Kann denn eine Mutter ihr Kind vergessen? Und selbst, wenn sie es vergessen könnte, ich vergesse euch nicht! (Jes 49,15).

Als er später von den Toten auferstanden war, erinnerten sich seine Jünger an dieses Wort (Joh 2,22).


Auch in unserem Leben ist es oft ähnlich:
Dinge, die vielleicht jahrelang keine Rolle mehr in meinem Leben mehr spielten, gewinnen wieder an Bedeutung.

Erlebnisse, die ich schon vergessen hatte, kommen plötzlich wieder in mir hoch und beschäftigen mich.
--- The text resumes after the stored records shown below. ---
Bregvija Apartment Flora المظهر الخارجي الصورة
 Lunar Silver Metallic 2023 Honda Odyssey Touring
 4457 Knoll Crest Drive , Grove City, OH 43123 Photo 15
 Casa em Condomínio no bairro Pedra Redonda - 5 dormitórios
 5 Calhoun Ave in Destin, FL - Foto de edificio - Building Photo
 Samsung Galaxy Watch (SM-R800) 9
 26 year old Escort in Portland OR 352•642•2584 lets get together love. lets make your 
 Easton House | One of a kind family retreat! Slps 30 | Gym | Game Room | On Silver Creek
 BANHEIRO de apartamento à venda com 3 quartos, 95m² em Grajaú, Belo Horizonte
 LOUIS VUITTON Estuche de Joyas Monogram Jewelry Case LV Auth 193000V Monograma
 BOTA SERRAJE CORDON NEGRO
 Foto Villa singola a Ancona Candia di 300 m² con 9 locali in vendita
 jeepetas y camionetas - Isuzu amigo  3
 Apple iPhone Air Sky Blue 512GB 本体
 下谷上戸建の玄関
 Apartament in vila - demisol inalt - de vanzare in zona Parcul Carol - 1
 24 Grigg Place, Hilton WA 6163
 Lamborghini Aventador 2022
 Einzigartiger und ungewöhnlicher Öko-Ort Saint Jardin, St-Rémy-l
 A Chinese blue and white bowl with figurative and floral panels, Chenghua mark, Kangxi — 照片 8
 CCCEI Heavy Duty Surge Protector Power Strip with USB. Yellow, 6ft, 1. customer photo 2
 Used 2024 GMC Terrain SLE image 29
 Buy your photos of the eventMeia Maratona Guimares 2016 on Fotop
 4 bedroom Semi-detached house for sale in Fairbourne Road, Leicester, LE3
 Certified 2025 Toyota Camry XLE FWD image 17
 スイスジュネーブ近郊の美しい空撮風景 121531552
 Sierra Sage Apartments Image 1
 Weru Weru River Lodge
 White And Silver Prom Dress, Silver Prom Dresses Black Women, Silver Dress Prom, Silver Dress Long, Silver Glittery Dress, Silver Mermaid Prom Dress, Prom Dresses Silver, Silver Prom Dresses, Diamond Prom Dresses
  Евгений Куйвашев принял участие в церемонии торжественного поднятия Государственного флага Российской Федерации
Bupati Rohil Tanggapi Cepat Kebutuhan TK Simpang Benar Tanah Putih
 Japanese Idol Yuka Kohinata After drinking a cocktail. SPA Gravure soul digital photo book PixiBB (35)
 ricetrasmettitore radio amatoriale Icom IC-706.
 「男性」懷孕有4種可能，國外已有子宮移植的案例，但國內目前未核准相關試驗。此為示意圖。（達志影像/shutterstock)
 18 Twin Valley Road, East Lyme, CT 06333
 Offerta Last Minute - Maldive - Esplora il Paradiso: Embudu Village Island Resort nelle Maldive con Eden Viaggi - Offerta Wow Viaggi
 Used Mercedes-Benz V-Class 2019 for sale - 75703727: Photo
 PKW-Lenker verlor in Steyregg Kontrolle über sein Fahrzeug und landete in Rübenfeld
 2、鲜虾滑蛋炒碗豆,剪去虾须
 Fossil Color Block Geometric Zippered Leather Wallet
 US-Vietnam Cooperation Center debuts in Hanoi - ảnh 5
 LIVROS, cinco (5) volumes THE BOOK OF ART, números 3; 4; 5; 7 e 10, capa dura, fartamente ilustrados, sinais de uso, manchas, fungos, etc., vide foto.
Mit Personen, die aus meinem Gesichtsfeld verschwunden waren, gibt es wieder neue Berührungspunkte.

Welche Dinge, Erlebnisse, Erfahrungen mit Menschen aus früheren Jahren gewinnen für mich zur Zeit wieder neu an Bedeutung?

Was nehme ich wieder in mein Leben auf? (Frage aufs Bündel heften)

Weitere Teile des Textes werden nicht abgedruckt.